Shampoo choices seem endless between drug stores, online shopping and your stylist. How do you narrow it down? My first piece of advice is learning the pH of your shampoo. Just by doing that one simple step we can cut your shampoo choices into a manageable number before we start to look at the ingredients in our shampoos and conditioners. Several drug stores will be eliminated quickly as well as a few salon brand shampoos.
pH the Basics
pH means potential hydrogen the pH scale runs from 0-14 with 7 being neutral. pH above 7 is alkaline or base and pH below 7 is acidic. Let's take a look at a basic pH value scale.
The pH of our hair shaft (3.67) and our scalp(5.5). Next, notice the pH of tears is 7. Tear free shampoos are at 7 so that they do not irritate the eyes. It may be great to keep us from crying if it gets in our eyes, however, it is not healthy for our scalp.
Why does the pH matter?
Our goal with our shampoo and conditioner is to bring the scalp and hair back to the ideal pH level. For hair that has received a chemical service the use of a high quality pH shampoo is even more important to keep from adding damage to the hair or scalp.
When we raise the pH level above 5.5 we create a negative electric net which causes friction this friction creates.... FRIZZY HAIR! Learning the pH of your shampoo and conditioner is the first step to picking the right shampoo. Those with curly hair, and chemically processed hair need to be even more diligent in the search for the right pH shampoo.
Hair absorbs more water when the pH is is raised. This water goes into the shaft and breaks hydrogen bonds of the keratin molecule. Using a lower(acidic) pH shampoo and conditioner allows the cuticle to close back and not absorb as much water.

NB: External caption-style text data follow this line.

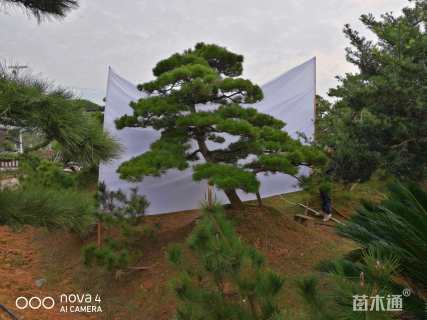 高度330厘米黑松小苗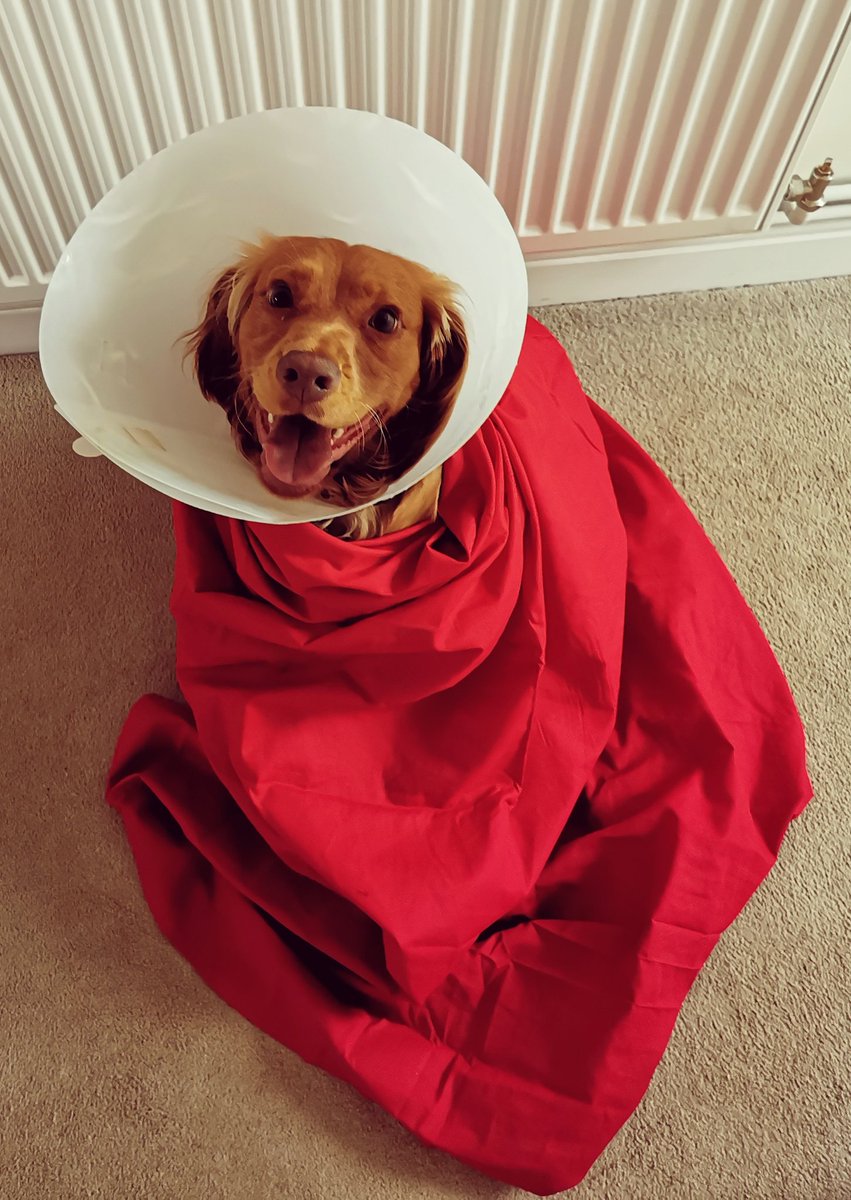 CameronHill13's tweet image. Blessed be the fruit #HandmaidsTale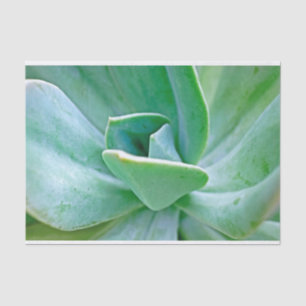 Papier Mousseline Swirl Succulent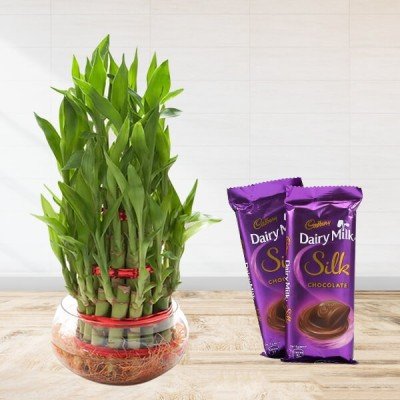3 Layer Lucky Bamboo with Dairy Milk Silk
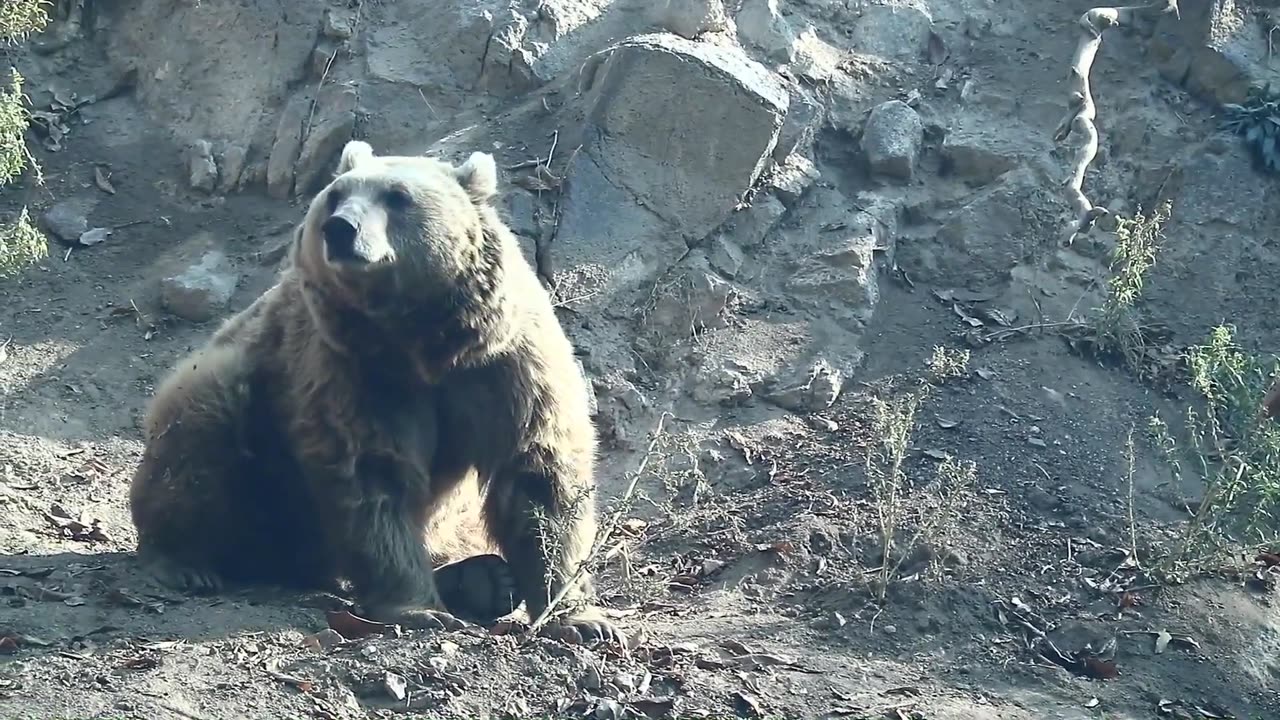 Exploring the World of Polar Bears, Brown Bears, and Black Bears | Radiant Earth Gazer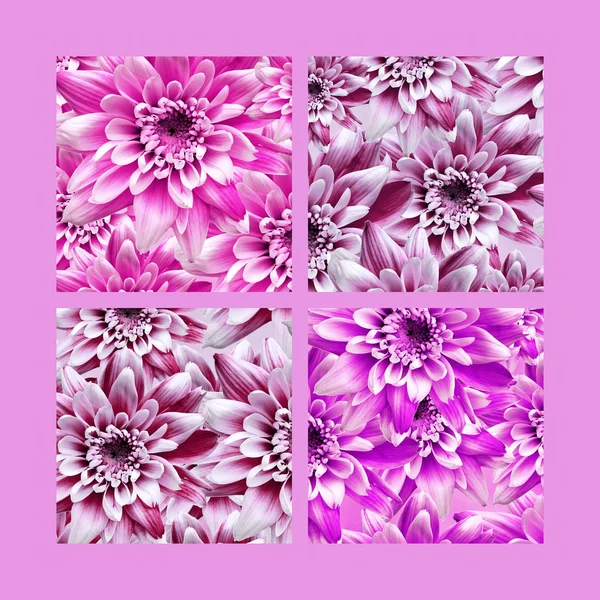 Květinovým vzorem růžové dahlia — Stock fotografie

It helps to protect the hair interior hair and bonds of the hair.
What is the right pH for my shampoo?
A majority of household, tap water has a 7 pH and our hair and scalp sit between a 3.67-5.5. The best results are seen in shampoos that have a pH of 5.5 or less. When we rinse our hair with water the water will raise our pH slightly. So, being a little more acidic, but never below a 3 as we can do serious damage below 3. So, our goal with our shampoo is to sit between 3.5-5.5 and our conditioner should sit just a little below that number. The more processed or curly your hair the more you want to look for something closer to 3.5
How do I find out my shampoos pH level?
It is not always easy to find out the pH of your shampoo, since the majority of shampoos do not put this information on their bottle. Companies have what is called MSDS or SDS sheets online for you to look at and these will have the pH level located on them. If you cannot find the SDS or MSDS sheet online, simply e-mail the company for these sheets an ethical beauty company will always give you access to allow you confirm these numbers. If it is a salon brand ask your stylist. If it is over the counter you may need to do a google search or write the company. I have listed a few pH levels for shampoos, below.
My Shampoo says it penetrates into my hair?
A daily shampoo that penetrates the hair shaft is actually doing us a disservice. To penetrate the hair, friction is created to open up the cuticle and reach inside our hair shaft. This friction as we discussed earlier will create fizz. When we are lifting the hair shaft, there is a chemical process happening within the hair strand. Certain in salon treatments are designed to do that, but they are followed with a treatment to help bring back the balance of the hair pH after the service. Your daily shampoo should not be penetrating the hair shaft, there should not be a need to do this daily.
A Sampling of a few shampoo pH levels
Malibu C Blonde 3.5-4.5
Malibu C Scalp Wellness 4.0-5.0
Kenra Moisturizing 5.0
Kenra Volumizing 5.0
REF Moisture 5.0-6.0
Crack Clean & Soaper 5.0-6.5
Herbal Essence Body Envy 5.5-6.6
Aussie Miracle Curl 5.3-6.7
Pantene Age Defy 4.5-6.7
Monat Revive 5.9-7.3
Monat Renew Balance 6.2-7.6
Head and Shoulder Instant 8.6
What else should I be looking at besides pH?
The truth once we know the pH a quick look at the ingredients can often tell us some important information but that's a blog for another day.